Playing around with a new self-host NAS OS, finally thought about Tailscale. But, I see it wants a login to an account. Checking online, seems I have to use Google, Apple, MS, Github or OIDC (which iassume costs money based on the site).
So how tf y’all setting to your tail scale stuff? I’m not using a big brother us tech account for auth on this thing. Think I’d rather go back to regular wireguard if that’s the case.

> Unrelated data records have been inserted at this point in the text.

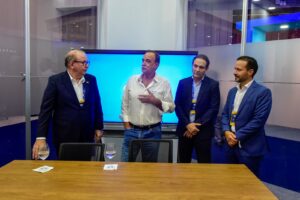 São Gonçalo do Amarante receberá polo industrial de baixo carbono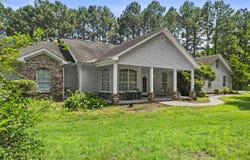5 Williamsburg Drive, Cabot, AR 72023
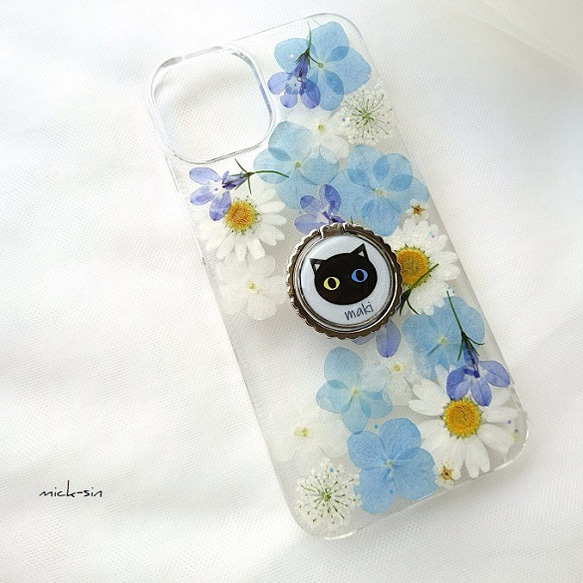 ぶーちゃん様ご確認ページ☆押し花ケース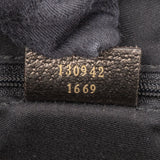 Gucci GG Monogram Abbey Handbag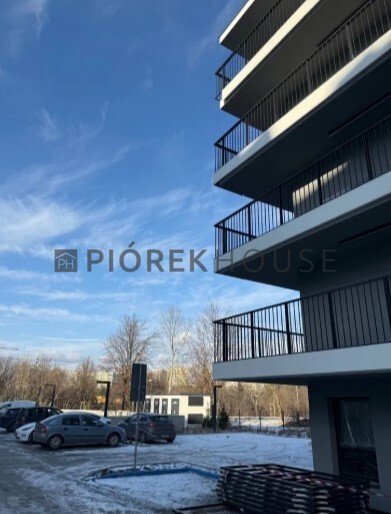3-pokojowe mieszkanie na Bemowie miniaturka 7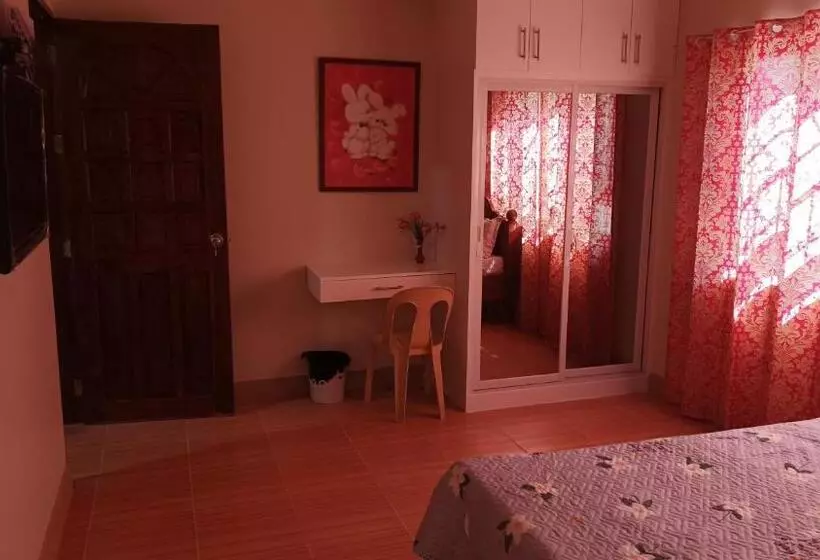 ペンション Village Guest House, Hundred Islands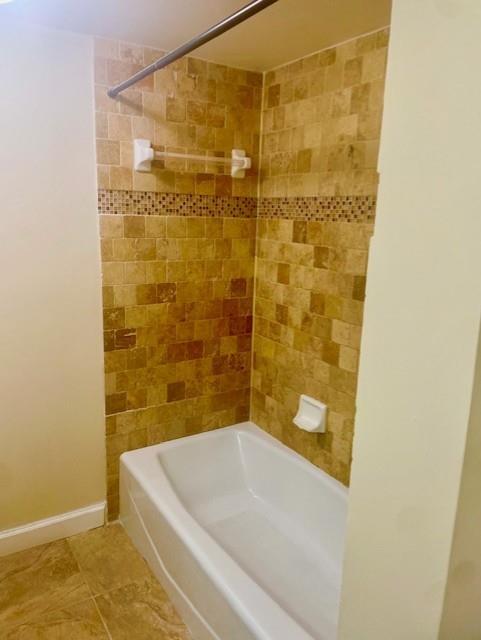 Blue Lake Apts Condo - Residential Lease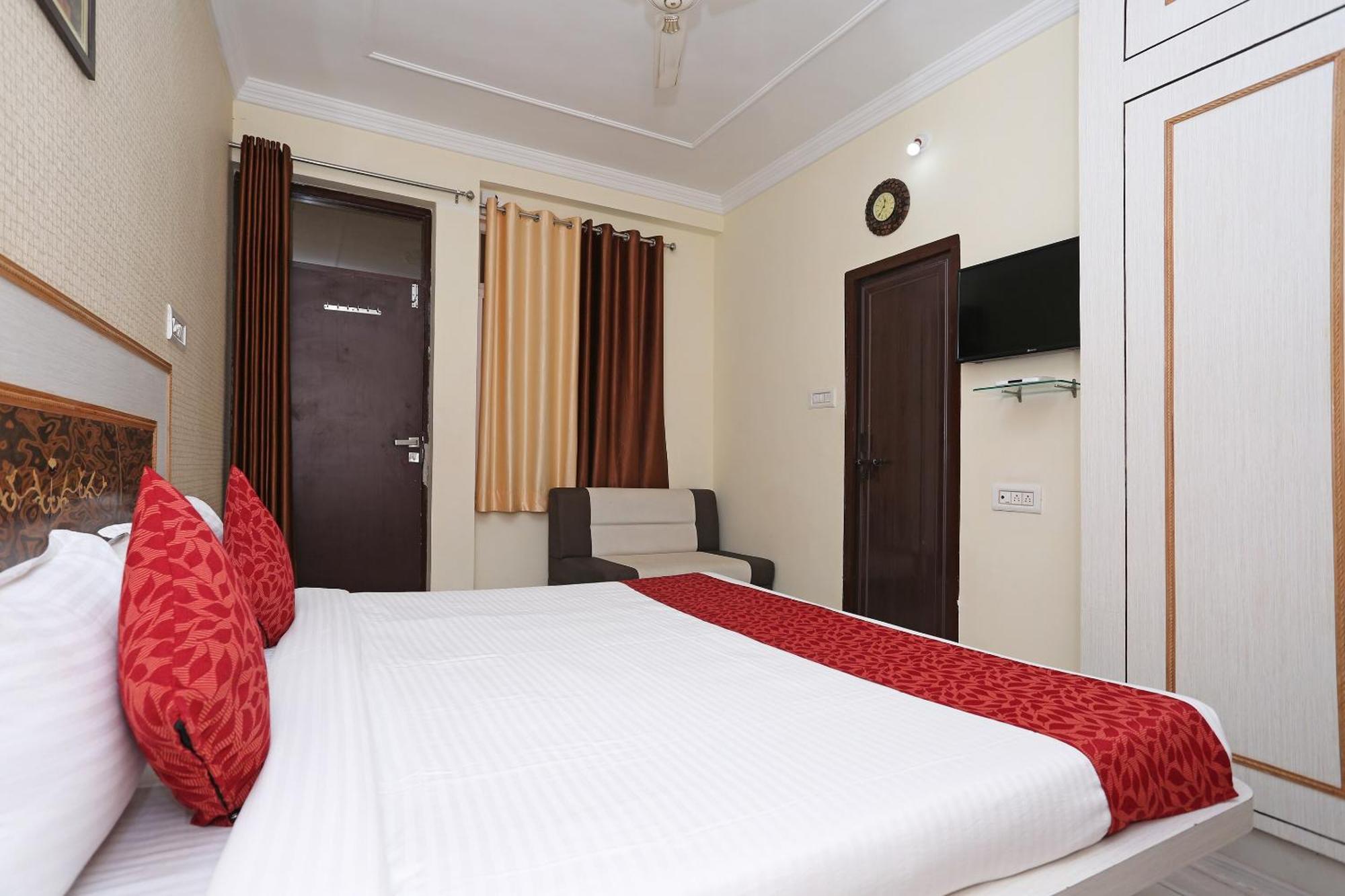 Hotel O Radhika Resort Kota  Zewnętrze zdjęcie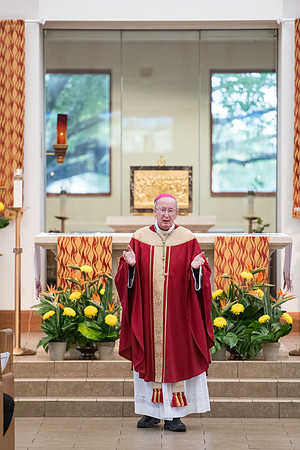 Good Shepherd Confirmation  2024 0108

Edit: OK I see you can use regular email. It didn’t load the webpage correctly the first time or I missed it. Odd. Anyway, I do don’t want an account add I don’t want to risk any data compromise at some point
I went with GitHub. In the end it’s just an OAuth service, to provide identity. It’s not used to gather data on you (just the same we already share by visiting regular websites).
I’m still gonna lookup Headscale and Wireguard because It’s been on my radar.
Problem with plain Wireguard is if you can’t open ports on some devices to get a direct connection. It should be just fine with hub and spoke model, but NAT Traversal of Tailscale makes a huge difference. I can get a direct connection between 2 devices connected to mobile data and behind CG-NAT.
And also the config management if you have too many devices.
Hub and spoke, you just add new devices to Wireguard on the main device, and the new peer. Full mesh, oof.
But as far as configuring Wireguard goes, that’s pretty simple. And then there’s the weird stuff with MTU and fragmentation… but that’s not something Wireguard-specific.